Friends of friends who we camped with had two small girls, who were doted on by all of us. Goldie loved the little one, and she found him the funniest thing ever. Ms M did the best comedy fart I have ever experienced.  I drank cider and beer but reconfirmed that I only really like red wine. Snake and I spent an hour on an oversized sofa in the woods, dozing until a group started playing wild Balkan inspired wedding tunes, and the whole glade leapt up and danced.

Already looking forward to next year.

A New England

Thursday, 17 July 2014

Currently

Currently is a weekly link up with Harvesting Kale and Ot and Et. They provide 5 words and offer the opportunity for people to sum up something of their week. This weeks themes are saving, closing, loving, despising, growing.
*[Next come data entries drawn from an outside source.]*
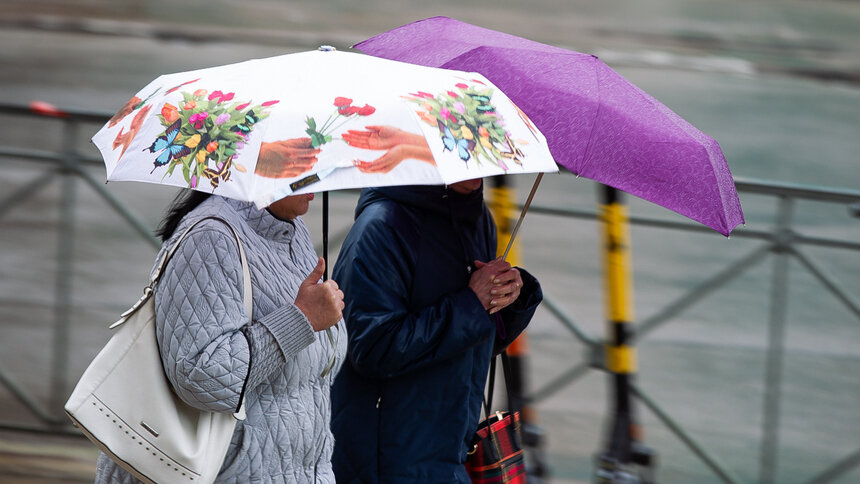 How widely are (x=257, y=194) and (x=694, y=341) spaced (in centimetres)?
493

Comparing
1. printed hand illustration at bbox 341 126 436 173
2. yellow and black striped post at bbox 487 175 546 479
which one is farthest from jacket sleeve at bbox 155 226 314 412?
yellow and black striped post at bbox 487 175 546 479

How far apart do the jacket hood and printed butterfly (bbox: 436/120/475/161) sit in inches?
23.6

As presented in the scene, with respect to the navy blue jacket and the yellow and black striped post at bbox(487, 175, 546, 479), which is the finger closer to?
the navy blue jacket

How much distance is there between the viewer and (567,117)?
265cm

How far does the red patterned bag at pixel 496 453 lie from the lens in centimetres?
296

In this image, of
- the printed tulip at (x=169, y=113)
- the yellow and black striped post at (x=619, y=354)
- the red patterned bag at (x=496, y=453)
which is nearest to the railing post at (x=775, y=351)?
the yellow and black striped post at (x=619, y=354)

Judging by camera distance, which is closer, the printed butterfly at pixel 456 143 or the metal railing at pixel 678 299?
the printed butterfly at pixel 456 143

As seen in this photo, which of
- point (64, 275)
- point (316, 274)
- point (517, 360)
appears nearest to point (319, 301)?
point (316, 274)

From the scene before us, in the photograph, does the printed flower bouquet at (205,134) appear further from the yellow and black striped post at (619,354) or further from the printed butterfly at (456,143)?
the yellow and black striped post at (619,354)

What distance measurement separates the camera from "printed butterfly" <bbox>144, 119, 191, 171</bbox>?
208 cm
I have been saving a little money and a lot of waste by digging to the back of the food cupboards and not being too fastidious about use by dates. Thankfully, my two will eat just about anything if it's in soup form (Snake will eat just about anything with no need for blending and liquidising). So I made split pea soup in vast quantities, with some peppers and bacon, and home made chicken stock from the freezer, and watched it disappear. Serving something with tortillas and home made guacamole seems like another effective way to  get rid of random pulses.

Having always been someone who worries about just about everything, I am working hard on closing down those thoughts rather than fuelling them. It is, it seems, actually possible to exist and even to resolve some quite complex issues without hours of spinning everything around in an anxiety raising spiral. It needs practice, but it's a bit of a revelation.  
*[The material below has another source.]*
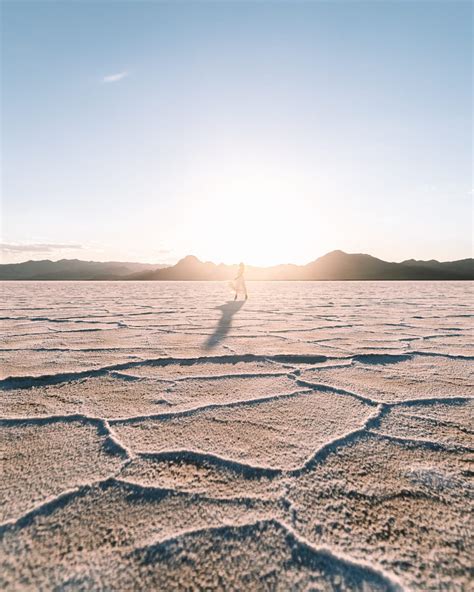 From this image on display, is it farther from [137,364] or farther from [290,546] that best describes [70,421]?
[290,546]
Today we head off to Latitude festival, as we have annually for the last 8 years, and I am loving the pre-festival excitement of this morning. Last year just me and Goldie went, but this year it's all of us again (although the girl has got her ticket free by volunteering to work in the woods as a helpful pixie so we'll need to go looking for her). We're travelling down with friends in a few hours time, and it's hot and sunny (although there are storms coming apparently - the perfect opportunity to dance barefoot in the rain a'la Kate at Just Pirouette and Carry On).

OK, there's some big big stuff in the world right now that is on my mind fairly constantly but for now I'm going with despising a bedroom window that won't open and drain problems, and that is probably all you need to know.

Goldie is growing at such a ridiculous rate that it has actually led to disease. His feet have gone from a size 9 to a 10.5 since Christmas. We had an orthopaedic paediatric appointment yesterday in response to knee pain and swelling, and were told that he has Osgood Schlatter syndrome. It is less scary than it sounds and will probably resolve when he reaches adult height. I asked the doctor if he could tell when that might be, based on the growth plates on the x rays. He looked at the x rays, and he looked at my 13 year old, 5'11 son and said "well, he's not going to be small".  No, I don't think he is. This diagnosis means some sport might be more difficult for a while, so we're exploring swimming and cycling as alternative, lower impact ways to use up some of the incredible energy that this miracle of growth generates.